### How to complete this task
Print every entry below again. Nothing may differ from the original.

### Dataset entries
================================
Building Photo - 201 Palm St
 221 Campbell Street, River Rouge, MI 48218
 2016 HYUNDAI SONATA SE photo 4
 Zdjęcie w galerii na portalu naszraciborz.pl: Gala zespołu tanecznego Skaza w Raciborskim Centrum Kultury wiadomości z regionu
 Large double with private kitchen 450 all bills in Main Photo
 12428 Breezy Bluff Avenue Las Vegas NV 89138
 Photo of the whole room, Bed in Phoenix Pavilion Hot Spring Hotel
================================
### Solution
Building Photo - 201 Palm St
 221 Campbell Street, River Rouge, MI 48218
 2016 HYUNDAI SONATA SE photo 4
 Zdjęcie w galerii na portalu naszraciborz.pl: Gala zespołu tanecznego Skaza w Raciborskim Centrum Kultury wiadomości z regionu
 Large double with private kitchen 450 all bills in Main Photo
 12428 Breezy Bluff Avenue Las Vegas NV 89138
 Photo of the whole room, Bed in Phoenix Pavilion Hot Spring Hotel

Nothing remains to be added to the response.